== Segment start ==
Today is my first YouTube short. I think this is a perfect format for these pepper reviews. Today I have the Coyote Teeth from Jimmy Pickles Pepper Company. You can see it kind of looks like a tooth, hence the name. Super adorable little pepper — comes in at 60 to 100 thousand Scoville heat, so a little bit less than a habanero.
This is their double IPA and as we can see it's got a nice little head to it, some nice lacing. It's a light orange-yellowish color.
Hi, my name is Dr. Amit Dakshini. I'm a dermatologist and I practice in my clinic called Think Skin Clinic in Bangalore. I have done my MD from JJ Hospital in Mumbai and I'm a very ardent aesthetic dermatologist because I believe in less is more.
== Segment end ==
== Segment start ==
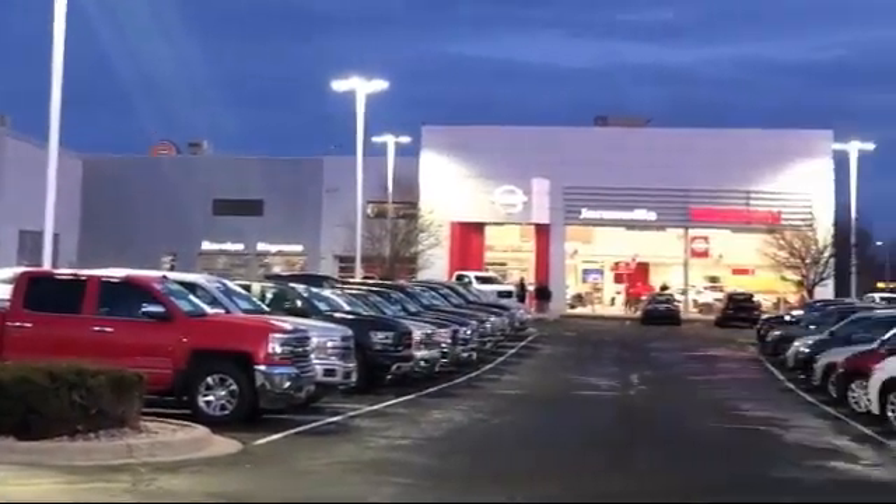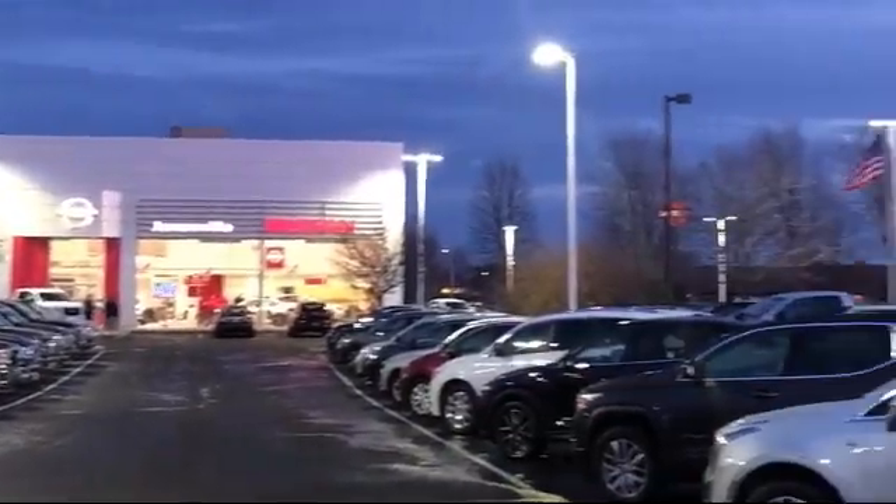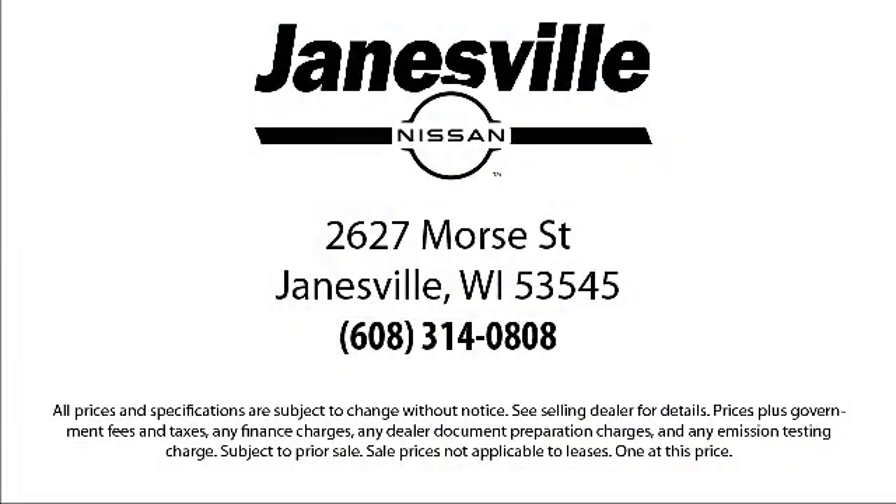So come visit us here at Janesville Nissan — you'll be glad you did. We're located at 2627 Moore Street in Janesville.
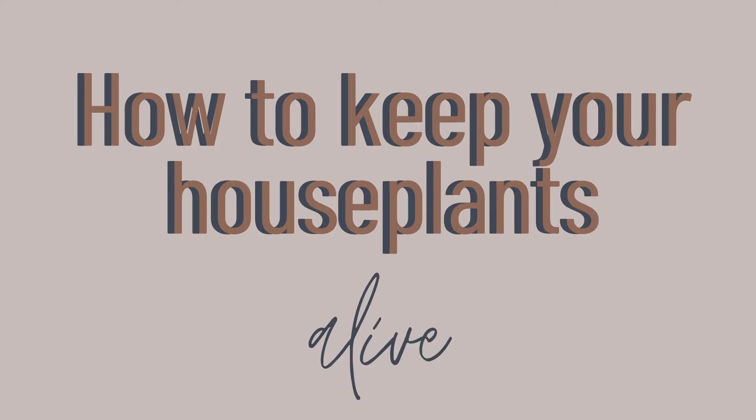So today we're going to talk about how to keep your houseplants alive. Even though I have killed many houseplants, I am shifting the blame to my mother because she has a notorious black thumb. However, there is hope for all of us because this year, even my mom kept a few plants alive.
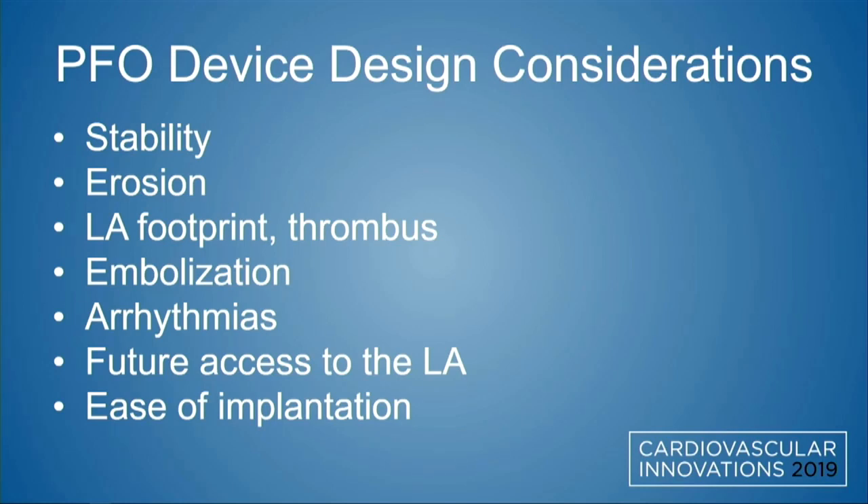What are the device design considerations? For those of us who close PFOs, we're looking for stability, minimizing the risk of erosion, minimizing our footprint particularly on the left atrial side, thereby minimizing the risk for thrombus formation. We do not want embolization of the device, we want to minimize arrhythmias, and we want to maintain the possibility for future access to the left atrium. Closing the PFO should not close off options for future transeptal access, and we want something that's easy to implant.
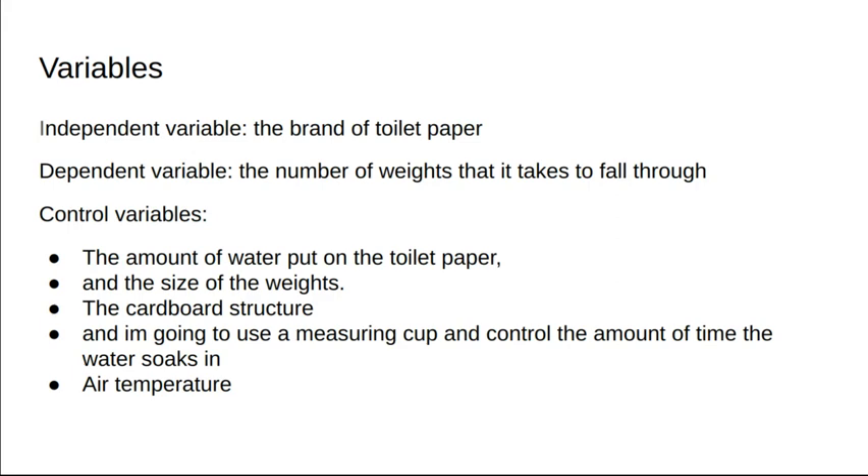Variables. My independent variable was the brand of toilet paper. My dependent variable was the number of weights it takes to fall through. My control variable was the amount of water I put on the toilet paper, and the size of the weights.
== Segment end ==
== Segment start ==
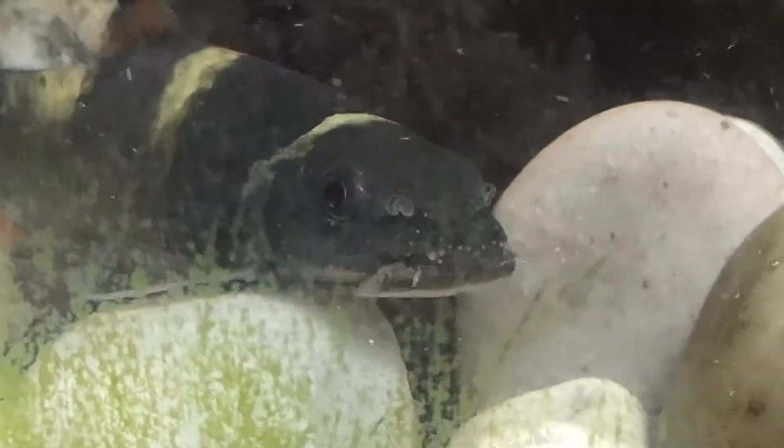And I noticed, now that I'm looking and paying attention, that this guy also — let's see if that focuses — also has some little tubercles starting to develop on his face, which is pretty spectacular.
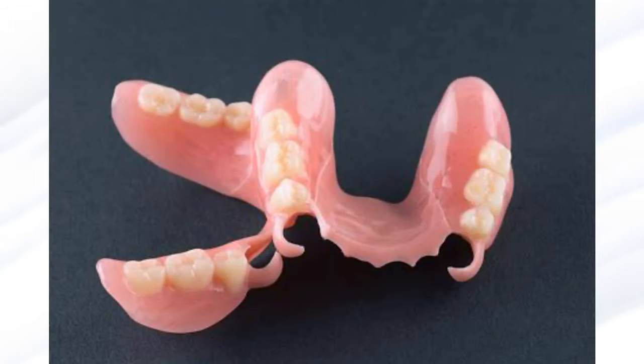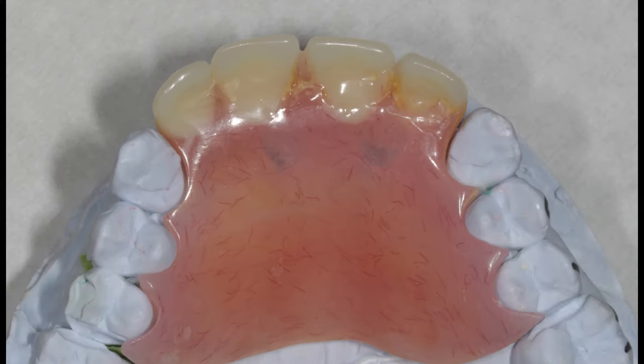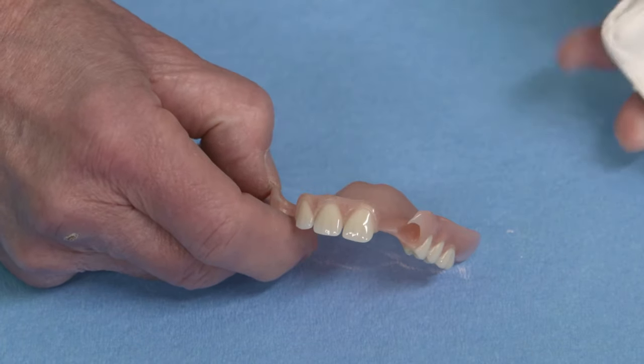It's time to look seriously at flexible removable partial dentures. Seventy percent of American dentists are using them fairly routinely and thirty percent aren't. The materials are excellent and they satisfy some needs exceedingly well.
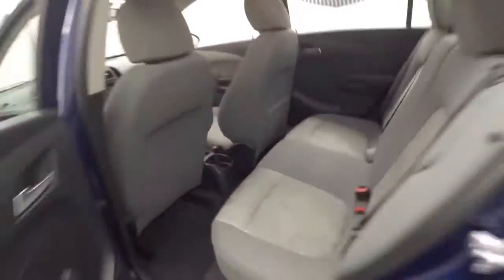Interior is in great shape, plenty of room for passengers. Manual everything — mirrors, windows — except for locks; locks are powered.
== Segment end ==
*Problem to work on*
Scan the data, and report each line that uses the word "name".

*Response to this task*
Today is my first YouTube short. I think this is a perfect format for these pepper reviews. Today I have the Coyote Teeth from Jimmy Pickles Pepper Company. You can see it kind of looks like a tooth, hence the name. Super adorable little pepper — comes in at 60 to 100 thousand Scoville heat, so a little bit less than a habanero.
Hi, my name is Dr. Amit Dakshini. I'm a dermatologist and I practice in my clinic called Think Skin Clinic in Bangalore. I have done my MD from JJ Hospital in Mumbai and I'm a very ardent aesthetic dermatologist because I believe in less is more.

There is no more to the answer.